Methodological approach

The methodology of the study is inspired by Achlioptas et al. (Reference Achlioptas, Diamanti, Mitliagkas and Guibas2018). First, the data is pre-processed to feed the network, as explained in the Data preprocessing techniques Section. The data is fed to an encoder–decoder for learning the underlying structure of input samples. Then, a GAN is used to generate new samples from the learned structure. The encoder-decoder and the GAN models are explained in Learning design patterns: the encoder–decoder model section and Sample generation: employing GAN section, respectively. All implementations are done with the PyTorch framework on an Nvidia RTX 2070 GPU and are imported into the Unity Engine. The methodology of the study is demonstrated in Figure 5. The system architecture is visualized in Figure 6.

Figure 5. Methodology.

Figure 6. System architecture.

Data preprocessing techniques

The selected building is modeled in 3-D format. After partitioning the building model as explained in Data collection and analysis section, there are 250, 500, and 1,000 parts in 3-D mesh format for different experiments. The 3-D parts are converted to 3-D point clouds using uniform point sampling. Uniform point sampling is basically selecting a certain number of points to represent a surface. There must be at least 3 points to represent a triangle surface, and more points can be located using linear interpolation on the surface. Considering the mesh faces have different surface areas, to represent each surface uniformly, the resolution (point density) is set for each surface to its proportional area. All 3-D point cloud samples in the dataset are set to have 1,024, 2,048, 4,096, or 8,192 points for different experiments. After the conversion, all samples are positioned at the center of the coordinates and scaled into the unit cube. The dataset is randomly divided into train, validation, and test subsets with 80%, 10%, and 10% ratios, respectively.

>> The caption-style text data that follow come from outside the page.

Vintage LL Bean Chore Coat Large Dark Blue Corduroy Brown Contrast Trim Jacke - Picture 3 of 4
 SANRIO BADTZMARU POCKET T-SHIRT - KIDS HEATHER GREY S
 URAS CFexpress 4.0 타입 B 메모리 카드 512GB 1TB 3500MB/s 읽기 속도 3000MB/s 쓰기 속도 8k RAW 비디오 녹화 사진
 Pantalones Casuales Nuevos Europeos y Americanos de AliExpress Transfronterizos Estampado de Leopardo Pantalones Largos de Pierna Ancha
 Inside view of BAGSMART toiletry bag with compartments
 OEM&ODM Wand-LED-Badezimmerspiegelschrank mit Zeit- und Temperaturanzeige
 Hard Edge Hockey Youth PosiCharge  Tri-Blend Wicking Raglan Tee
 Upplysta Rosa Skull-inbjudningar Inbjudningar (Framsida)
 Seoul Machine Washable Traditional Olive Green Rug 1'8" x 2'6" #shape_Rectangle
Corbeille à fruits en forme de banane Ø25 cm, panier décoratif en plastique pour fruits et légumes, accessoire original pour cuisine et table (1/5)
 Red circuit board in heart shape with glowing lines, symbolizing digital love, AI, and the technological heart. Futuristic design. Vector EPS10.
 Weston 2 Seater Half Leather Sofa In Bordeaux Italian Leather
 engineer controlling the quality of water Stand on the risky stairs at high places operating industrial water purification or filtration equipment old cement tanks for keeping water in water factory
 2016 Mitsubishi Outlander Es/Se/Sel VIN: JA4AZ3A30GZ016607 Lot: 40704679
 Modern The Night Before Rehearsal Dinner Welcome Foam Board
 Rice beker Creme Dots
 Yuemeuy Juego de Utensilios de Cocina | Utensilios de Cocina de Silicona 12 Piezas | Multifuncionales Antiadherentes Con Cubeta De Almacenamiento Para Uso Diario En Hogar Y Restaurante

Learning design patterns: the encoder-decoder model

Our first aim was to learn the underlying structure of the design system from the dataset. An encoder–decoder model (Achlioptas et al., Reference Achlioptas, Diamanti, Mitliagkas and Guibas2018) (Figure 7) is employed to encode the real data and form a latent space that represents the design context. This latent space consists of learned features and similarities of the dataset. Since the dataset is formed from a single building, we expect the model to learn the similarities from the parts of the building.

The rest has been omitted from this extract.